[lldb-dap] Fix a race during shutdown #91591

labath · 2024-05-09T13:24:03Z

lldb-dap was setting a flag which was meant to shut it down as soon as it sent a terminated event. The problem with this flag is two-fold:

as far as I can tell (definitely not an expert here), there's no justification for this in the protocol spec. The only way I found to shut the server down was to send it a disconnect request.
the flag did not actually work most of the time, because it's only checked between requests so nothing will happen if the server starts listening for a new request before a different thread manages to send the terminated event. And since the next request is usually the disconnect request, everything will operate normally.

The combination of these two things meant that the issue was largely unnoticable, except for rare flaky test failures, which happened when the handler thread was too slow, and checked the flag after it has already been said. This caused the test suite to complain as it did not get a response to the disconnect request. This situation could be s(t)imulated by adding a sleep to the and of the main loop, which delayed the flag check, and caused the DAP tests to fail reliably.

This patch changes the shutdown condition to only trigger when the disconnect request has been received. Since the flag can now only be set from the handler thread, it no longer needs to be atomic.

lldb-dap was setting a flag which was meant to shut it down as soon as it sent a terminated event. The problem with this flag is two-fold: - as far as I can tell (definitely not an expert here), there's no justification for this in the protocol spec. The only way I found to shut the server down was to send it a disconnect request. - the flag did not actually work most of the time, because it's only checked between requests so nothing will happen if the server starts listening for a new request before a different thread manages to send the terminated event. And since the next request is usually the disconnect request, everything will operate normally. The combination of these two things meant that the issue was largely unnoticable, except for rare flaky test failures, which happened when the handler thread was too slow, and checked the flag after it has already been said.

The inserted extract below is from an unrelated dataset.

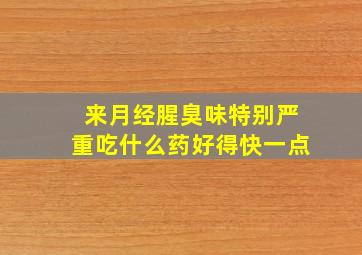 来月经腥臭味特别严重吃什么药好得快一点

This caused the test suite to complain as it did not get a response to the disconnect request. This situation could be s(t)imulated by adding a sleep to the and of the main loop, which delayed the flag check, and caused the DAP tests to fail reliably. This patch changes the shutdown condition to only trigger when the disconnect request has been received. Since the flag can now only be set from the handler thread, it no longer needs to be atomic.

labath · 2024-05-09T13:24:24Z

https://lab.llvm.org/buildbot/#/builders/68/builds/73871 is an example of such a failure.

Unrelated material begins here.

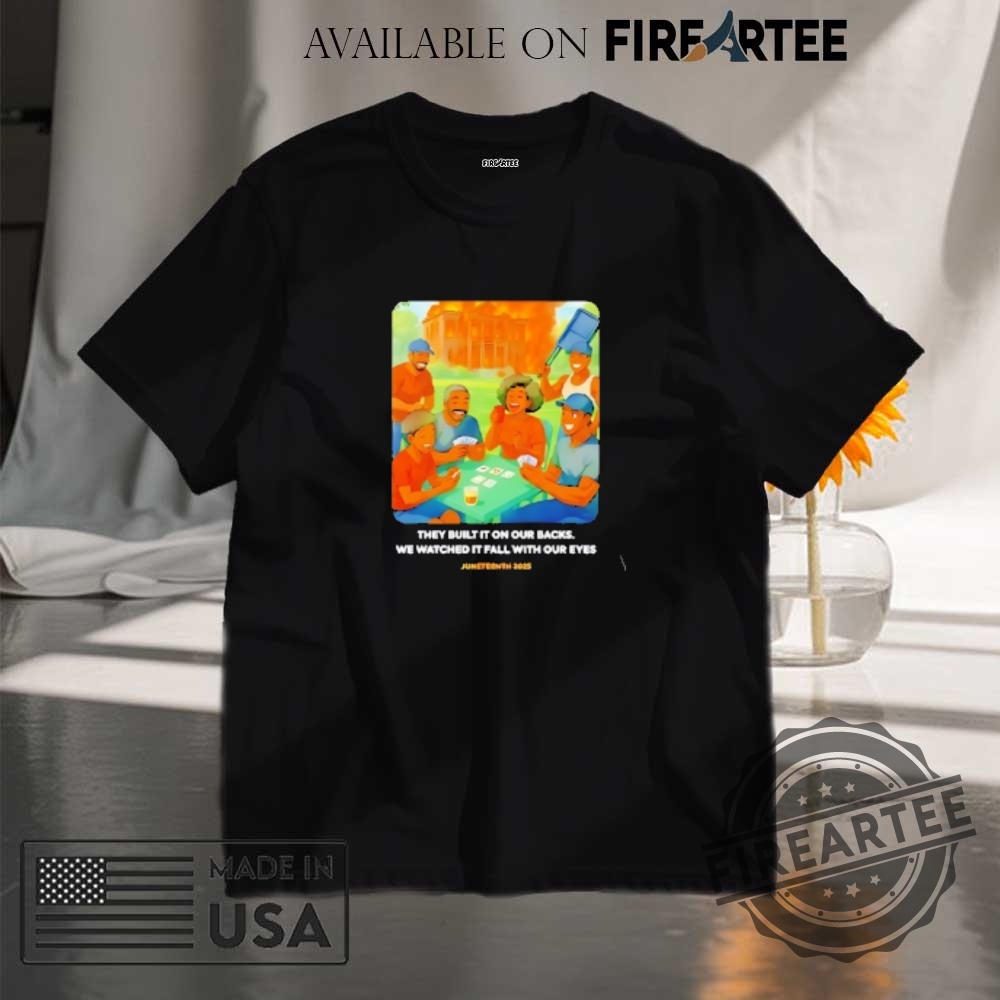 "Unique Political Statement Shirts: Raise Awareness and Spark Conversations" 13 They Built It On Our Backs We Watched It Fall With Our Eyes Juneteenth 2025 Comic Shirt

llvmbot · 2024-05-09T13:24:37Z

@llvm/pr-subscribers-lldb

Author: Pavel Labath (labath)

Changes

lldb-dap was setting a flag which was meant to shut it down as soon as it sent a terminated event. The problem with this flag is two-fold:

as far as I can tell (definitely not an expert here), there's no justification for this in the protocol spec. The only way I found to shut the server down was to send it a disconnect request.
the flag did not actually work most of the time, because it's only checked between requests so nothing will happen if the server starts listening for a new request before a different thread manages to send the terminated event. And since the next request is usually the disconnect request, everything will operate normally.

The combination of these two things meant that the issue was largely unnoticable, except for rare flaky test failures, which happened when the handler thread was too slow, and checked the flag after it has already been said. This caused the test suite to complain as it did not get a response to the disconnect request. This situation could be s(t)imulated by adding a sleep to the and of the main loop, which delayed the flag check, and caused the DAP tests to fail reliably.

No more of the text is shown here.